A project to rapidly extract all email addresses from any files in a given path
BSD 3-Clause "New" or "Revised" License
64 stars 23 forks source link

Resolves #66 #67

Closed GStefanowich closed 9 months ago

GStefanowich commented 9 months ago

Resolves #66 - Simply modified the existing LengthFilter to also filter out bad Aliases.

As much as we're all Regex wizards, it's easier to simply filter out bad results after they've been caught than to try and wedge a {,64} into a new matching group.

Used the existing length filter where emails >256 were being filtered out

troyhunt commented 9 months ago

Love it! All for killing unnecessary regex complexity, the only hesitation I have is that where there are other places in the system that need to apply the same logic, there needs to be additional code and not just a regex update. But that's less important than actually making stuff work now 🙂

GStefanowich commented 9 months ago

What places in the system do you mean could also use the same logic?

The current design is to use one all-encompassing loose-on-strictness Regex query, and then filtering out the bad results using filters (possibly including additional more strict sub-Regex queries)

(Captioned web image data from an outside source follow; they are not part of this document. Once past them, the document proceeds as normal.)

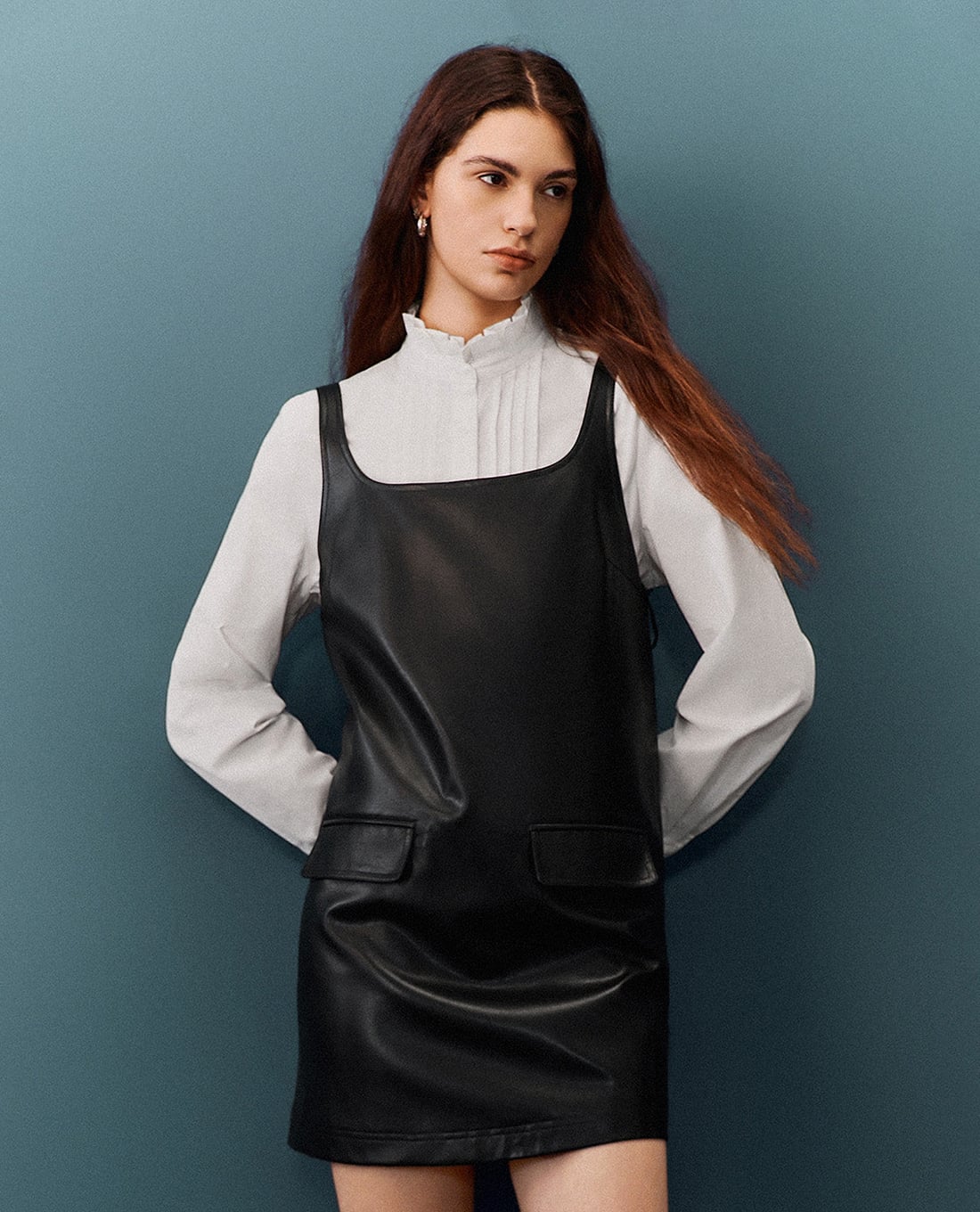 URBAN REVIVO - Đầm hai dây mini phối túi cá tính Cami Straight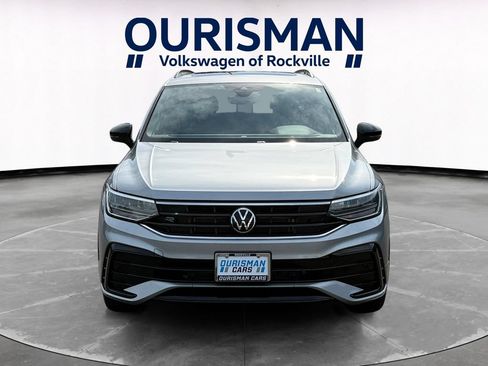 Used 2023 Volkswagen Tiguan SE R-Line FWD image 8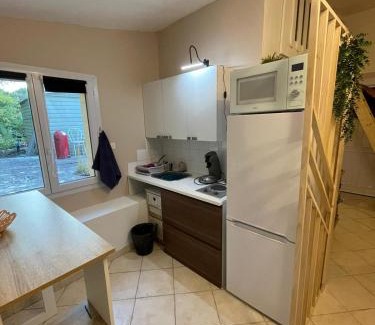 Fuveau Apartment | L’Escapade. Entre Aix et Marseille, studio pleine nature.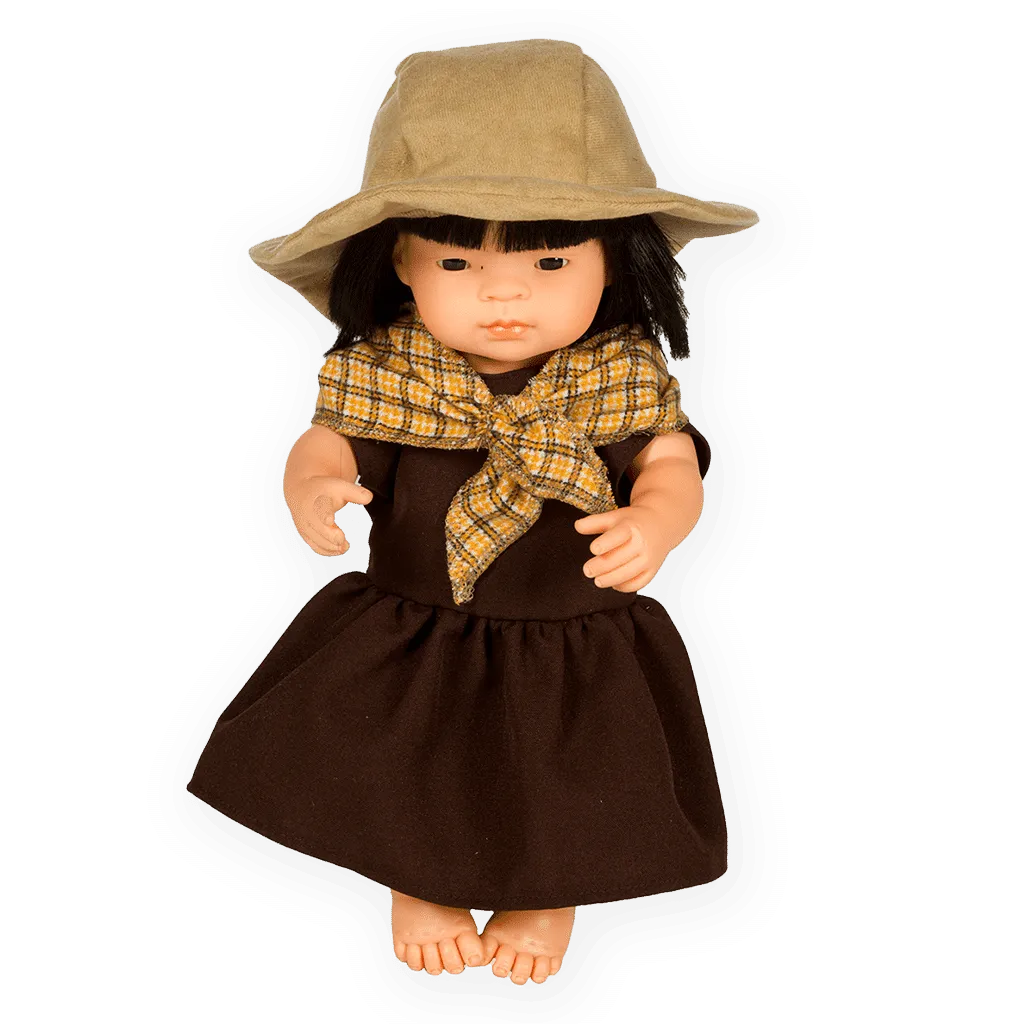 Pretend to Bee Around The World vestiti per bambole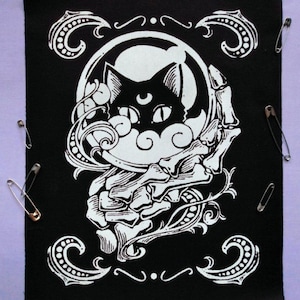 Bola de Cristal com Gato Preto e Mão de Esqueleto Horror Halloween Patches Costuráveis (versão grande)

The more strict (or complex) the main Regex, the more cycles that are run on the raw content which brings old performance issues back up


Not that I'm not all for encouraging new contributors to try and take a crack at things

The filter system also allow new contributors to try out entirely new Regex queries for catching emails from raw input without breaking hardline rules

troyhunt commented 9 months ago

Other places include:

  1. When signing up for individual notifications
  2. When signing up for domain notifications
  3. When searching for a specific email address

I'm not overly precious about it needing to be regex though, I just need to maintain the logic across other parts of the system that aren't already OSS.